Excavation of the new eroding hearth and surrounding areas has revealed numerous stone tools and associated manufacturing debris. Several large Apache micaceous ceramic sherds (Figure 2) have been found. The excavation of these new additional units indicates that the occupations at Macy Locality 126 extend much farther to the north of the site. The objects within the northern portion of the locality are more buried than at the southern part of the site. This observation is because it indicates much more is to be discovered at Macy Locality 126 than previously realized. The Landmark team currently is planning for additional excavations at Macy Locality 126 for next summer.

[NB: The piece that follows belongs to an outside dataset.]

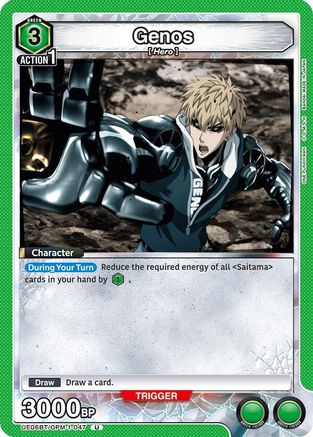 Genos (047) (UE06BT/OPM-1-047) [UE06BT: One Punch Man] - Deck Out Gaming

Over the past three field seasons at the Post research area, the survey team has recorded the skeletal remains of several extinct Ice Age animals within the Spring Creek beds. The Spring Creek beds are lake sediments left from an extinct lake that had formed during the Pleistocene. During this time, under more moist weather conditions, several paleolake basins formed along the eastern escarpment edge of the Southern High Plains. The exact age of the Spring Creek beds and their relation to other regional extinct paleolakes has puzzled researchers for several decades.
The Blanco basin, located in Crosbyton County, Texas is the largest known paleolake of the region. This basin has been the center of early Pleistocene animal research for over a century, and also is the only one dated. A volcanic ash layer is located within lake deposits of the Blanco basin, and another upper ash layer occurs above the lake sediments within the later wind-blown sediments of the Blackwater Draw Formation.

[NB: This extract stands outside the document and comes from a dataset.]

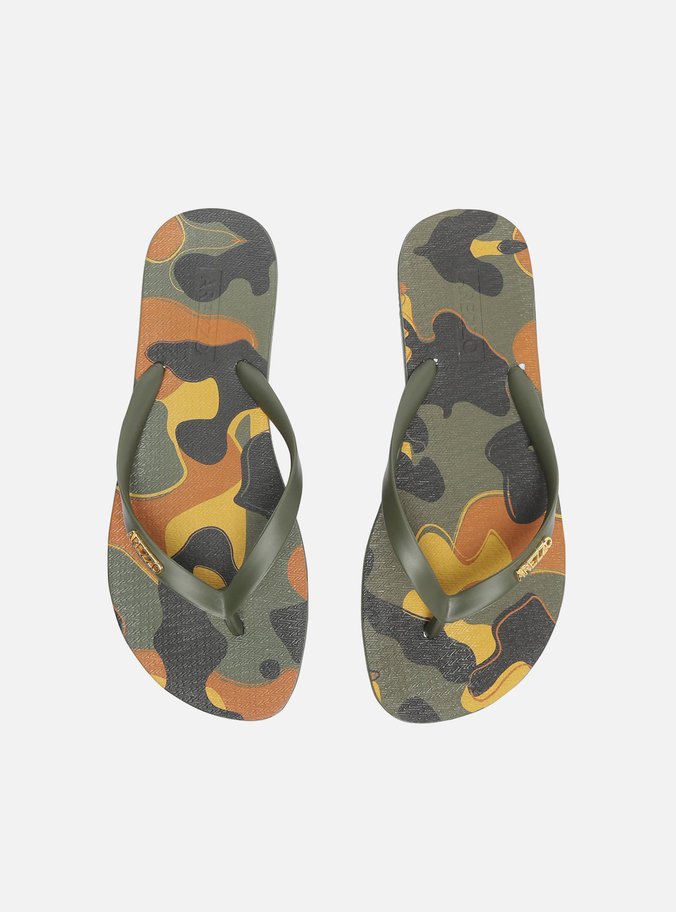 Chinelo de Dedo Camuflado Verde Brizza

Throughout the Pleistocene (~2.6 mya-11,000 ka), sporadic eruptions from volcanoes in the Jemez Mountains region of north-central New Mexico and Yellowstone National Park in Wyoming blanketed the Great Plains. Where these ash lenses were preserved from erosion, they provided a reliable chronological marker for determining the age of sedimentation.
In the early 1970s, researchers dated two samples of the Blackwater Draw Formation ash layer, above the Blanco lake bed, and the estimated ages of these samples were 1.4 and 1.77 million years ago. This ash layer was identified as the Guaje ash that has its source in the Jemez Mountains in New Mexico. The lower ash layer within the Blanco paleo-lake sediments was dated to 2.8 million years ago. If these ages are correct, then the Blanco paleolake sediments date between ~2.8 – 1.4 million years ago.

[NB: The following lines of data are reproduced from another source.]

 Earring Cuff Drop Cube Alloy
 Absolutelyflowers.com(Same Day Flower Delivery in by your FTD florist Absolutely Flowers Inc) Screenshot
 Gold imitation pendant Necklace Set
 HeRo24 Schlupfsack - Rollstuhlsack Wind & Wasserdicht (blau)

At the Post research area, the Landmark team has discovered a thick deposit of volcanic ash located on an upland ridge. The research team currently is tracing the lateral extinct of the ash layer and mapping the Spring Creek lake basin using a drone.
During the 2019 field season, Landmark crew member collected samples from ash beds for ³⁹Ar/⁴⁰Ar dating at the Oregon State Geochronology lab (Figure 1). This Argon dating method now is regarded as the most reliable for determining the age of volcanic ash layers. Results of this work will help to narrow down the age of the Spring Creek beds and their relationship to other Southern High Plains paleolakes.
The Landmark team also is collecting ash samples from the Blanco basin to double check the ages of the 1970s results. Geologists at the time used fission-track dating, and some researchers have questioned these age determinations. Results of redating the Blanco ash layers and ascertaining the age of the ash found in the Spring Creek beds will help to refine the known ages of extinct Southern High Plains paleolakes and the extensive extinct animal remains within them.